Avoid identity theft against the elderly

Between 2006 and 2010, the identities of more than 2 million parents were stolen by a younger family member, according to a recent study.

Laws in most states add extra penalties to identity theft charges when the victim is a senior adult, and senators Amy Klobuchar (D-MN) and Bill Nelson (D-FL) introduced legislation last week to protect seniors from fraud by court-appointed guardians and conservators.

The typical scenario in this type of theft is when an adult child starts helping an elderly parent with his or her finances. The sad part is that the crime can go unnoticed for long periods of time, because the elderly don’t check their credit reports as frequently as their younger counterparts.
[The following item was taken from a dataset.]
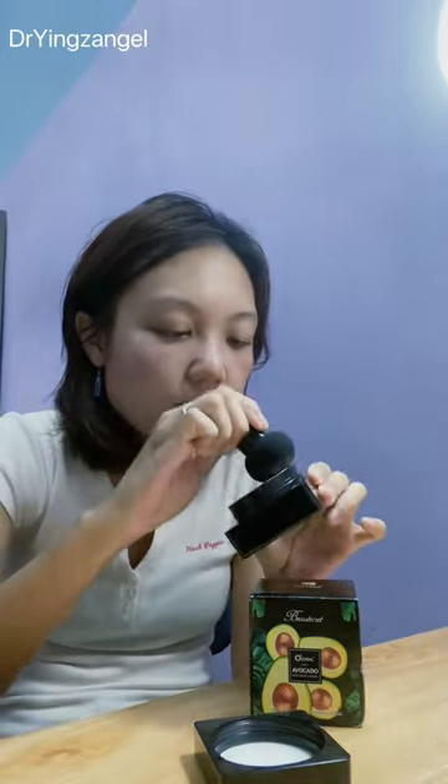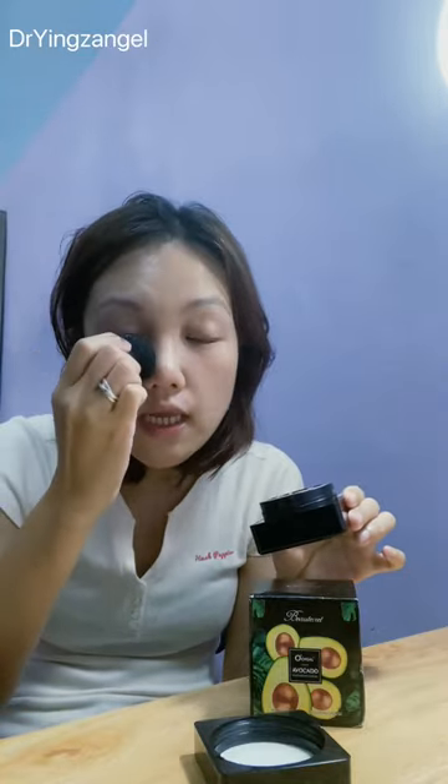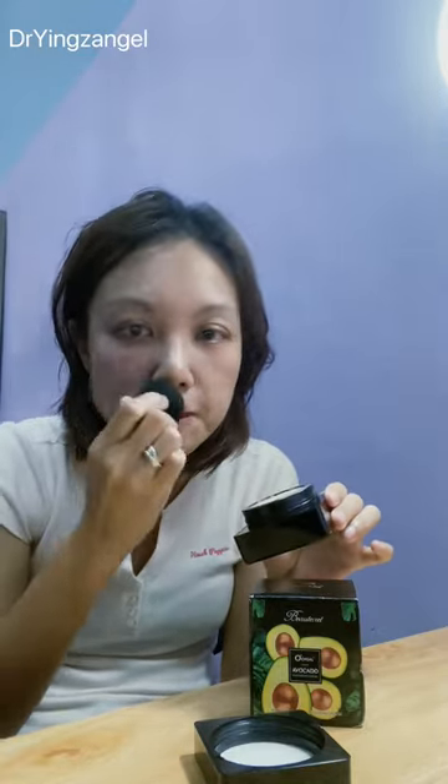Besides working as a concealer, it gives you a very natural glowy kind of skin-health look, and it also moisturizes your skin at the same time. I really like this kind of foundation that has a few functions at once — it allows me to do my makeup and it really simplifies the steps.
And even when the theft is reported, it’s often reported to the person in charge of the senior’s finances – not the senior. If the person told about the theft is the one doing the stealing, the theft could go on indefinitely, and with no consequences to the thief.

To avoid identity theft of this nature, two people should review all transactions of the elderly family member – one should be an independent person, like an attorney or accountant. This will help to safeguard both when a relative is given signatory authority for financial accounts or has durable power of attorney, and to make sure the parent is preyed on by anyone else.

Senior adults should also pay close attention to their bank and credit card statements, as well as their credit reports. Look for fraudulent or incorrect entries. If the elderly person is unable to do so, a trusted person should take care of it and report to the senior.